Segment Open
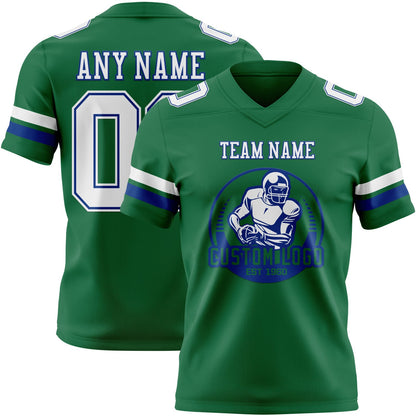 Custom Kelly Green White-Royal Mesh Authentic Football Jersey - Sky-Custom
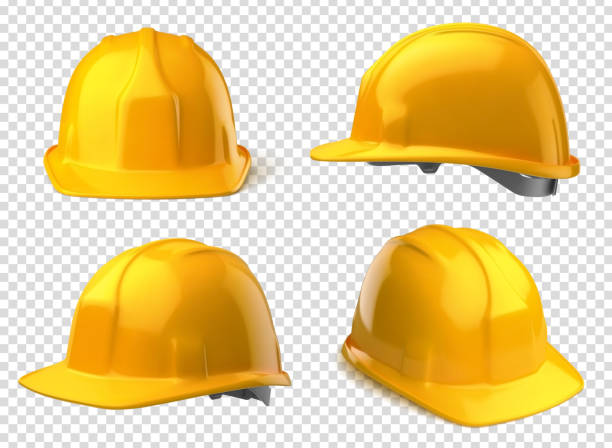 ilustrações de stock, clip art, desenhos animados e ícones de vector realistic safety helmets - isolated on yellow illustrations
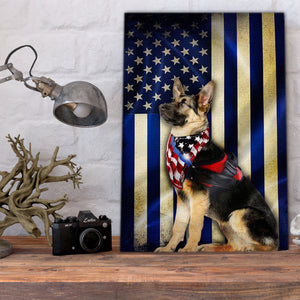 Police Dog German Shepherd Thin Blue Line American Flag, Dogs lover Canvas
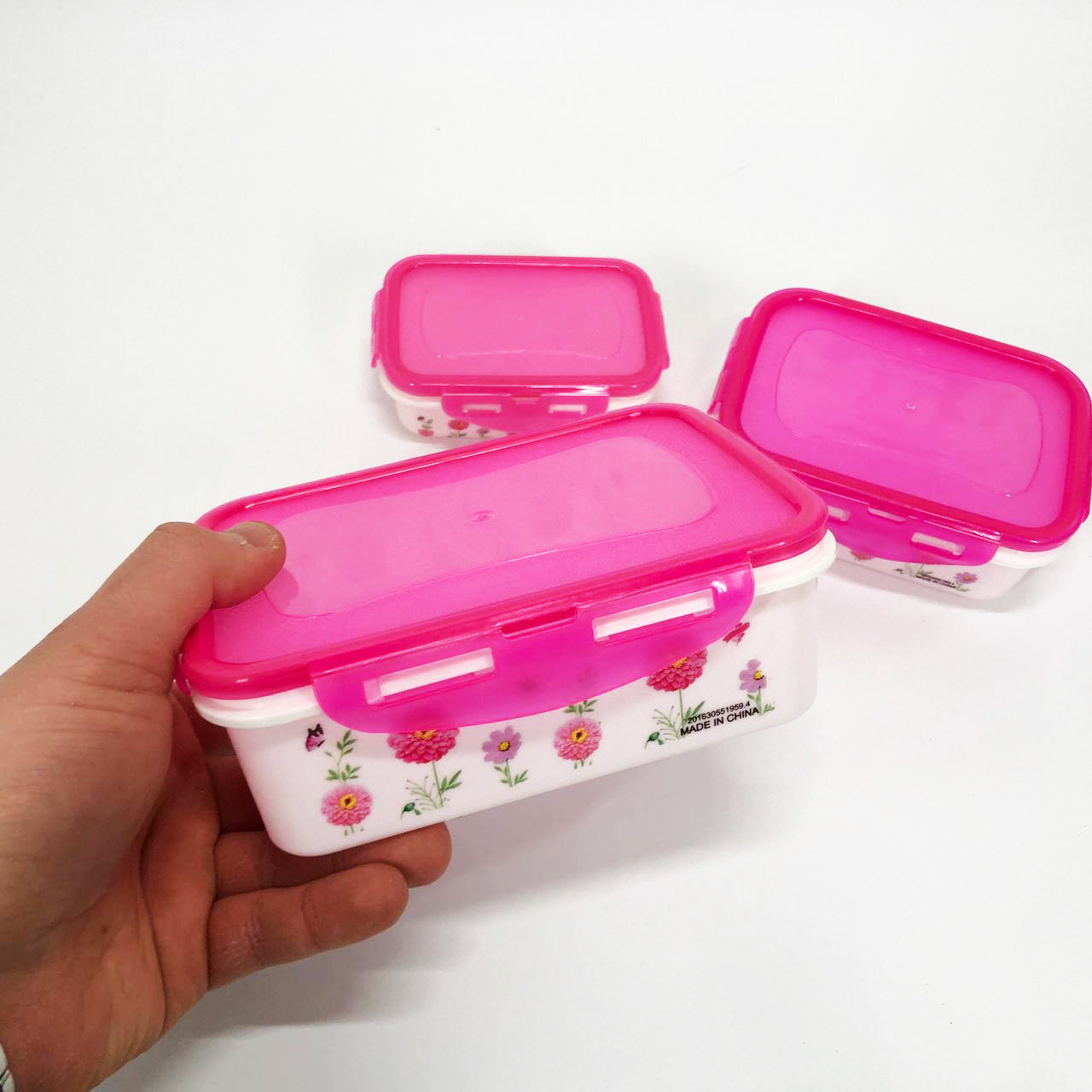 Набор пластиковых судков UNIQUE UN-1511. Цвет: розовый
Segment Closed
## To do
Only the lines from the line with "ilustrações de stock, clip" to the bottom of the material above should be reproduced, exactly and without pictures.

## Your response
 ilustrações de stock, clip art, desenhos animados e ícones de vector realistic safety helmets - isolated on yellow illustrations
 Police Dog German Shepherd Thin Blue Line American Flag, Dogs lover Canvas
 Набор пластиковых судков UNIQUE UN-1511. Цвет: розовый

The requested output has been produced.